Tenerife-Badajoz, con pic nic en Gargantera

¡Quién me lo iba a decir! Me he ido en mayo a Tenerife, allende los mares, con casi un centenar de badajocenses de la capital, de Mérida, Zafra, Jerez de los Caballeros, Almendralejo,... Allí estábamos compartiendo de la mano del IMSERSO las viandas, las excursiones, las caídas ante la guagua, los vientos alisios, los ¡¡chachooo!!, las carreras para no perder comba en el comedor del Hotel Punta del Rey (en Las Caletillas) aunque había tres horas para cada comida, pero a vé, las prisas cuando no las ansias...
     Ha sido una experiencia divertida, aunque no he bailado. Quizá lo más divertido ha sido todo lo que ha girado en torno a los teléfonos móviles y a las preguntas a Candelaria, la azafata de Mundo Senior, respondiendo una y otra vez a las mismas cuestiones. (Espero que el lector ignore lo que decía de estos viajes la lengua viperina de Alfonso Guerra: “Estos del Gobierno, ¡qué buenos son, que nos llevan de excursión!)
   Como no había en el grupo mucha gente de campo (se veía alguna gorrina campera, eso sí), pues no hemos podido asistir a las preguntas del excursionista a la familia acerca de si ha parío o no la vaca Lucera o si el año viene bueno de higos o si han recogido ya alguna camá de patatas. El encontronazo mayor es ante la bolsa del pic nic, cuando el venerable público descubre que no trae ni jamón ibérico, ni lomo, ni gazpacho frío ni un botellín de vino...
   Al salir de Madrid con destino a Badajoz, la azafata anuncia una parada de 40 minutos.
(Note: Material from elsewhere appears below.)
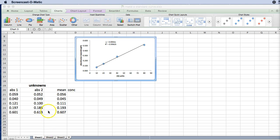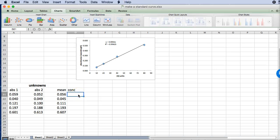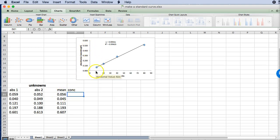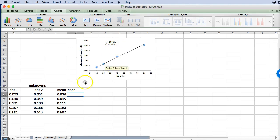So here are the absorbance values I got for my unknown samples. I've already calculated the mean and now I want to figure out the concentrations. So you have to think for a second before you do this. These are absorbance values so basically what I have here is this value from this side of the graph and I want to calculate the actual concentration which is on the x axis. So when I look at my equation I know the y, I need to figure out the x, so we just have to apply a little bit of algebra.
Una excursionista contesta al teléfono, con el silencio respetuoso y curiosón de todo el autobús. “¡Que llegamos a Mérida a las siete y media! Antes vamos a parar en... a ver, en Gargantera...” Carcajada general y enseguida los demás nos animamos a soplarle el nombre. ¡En Gargantúa, en Garguera, en el Lagarto...! Y los fue repitiendo todos. Pero era en Lagartera.
 (Publicado en la edición impresa de HOY el jueves 21 de junio de 2012)

lunes, 4 de junio de 2012

¡ Quítasela, no le dejes pensar !

Fui pocas veces a El Vivero. Era para mi como una fortaleza, cuando de pequeño aprendí algo de lo que sé en los pasillos del Seminario, bajo la tutela de curas que marcaron una parte de mi vida, la inmensa mayoría de ellos para bien. Me deslumbró El Vivero desde el Seminario porque en aquellos años algunos futbolistas,como Calín, iban a jugar en los campos de tierra y se enfrentaban a “los curas”, como Pedro Miranda, Simal o Modesto. Algunos jugaban con sotana y lo hacían de lujo. De aquellos años también me impactó el berrido nocturno (eso me parecía) del tren. Aquello me imponía, sobre todo la primera noche en que lloroso entre las sábanas lo escuché, yo un niño de diez años. Por vez primera lejos de mis padres, de mis hermanos, de mi pueblo, de las calles, de los pardales, de los regatos, de las encinas... Años después vi jugar ahí a Cruyff, a Iríbar, a Pozo, a Zamorano, a Toni Cabello, a Tienza, quizás a Heredia, a Borrego, en fin, a muchos que se partían el pecho por alcanzar la escasa gloria que da una Tercera o una Segunda División o un Trofeo Ibérico en los tiempos que en que Antonio Guevara ilusionaba a toda una afición que podía ver de cerca a las figuras de relumbrón. Se me quedó grabada una escena protagonizada por un entrenador a quien también vi jugar de portero. El míster aleccionaba a un defensa, secante de un delantero peligroso. Y cuando el delantero agarraba la pelota el míster le gritaba: “¡Quítasela, no le dejes pensar!” Ni el becerro del Seminario, ni los pardales, ni el rugido del tren... Nada me queda ya. Sólo, gracias al míster bonachón que ejerce hoy de abuelo, Rogelio Palomo, aquella orden fulminante. La escucho cada vez que veo a la Merkel, Rajoy, De Guindos y me acuerdo de la prima de riesgo o del viajero presidente del Supremo: “¡quitásela, no le dejes pensar!” (Publicado en la edición impresa de HOY el lunes 4 de junio de 2012)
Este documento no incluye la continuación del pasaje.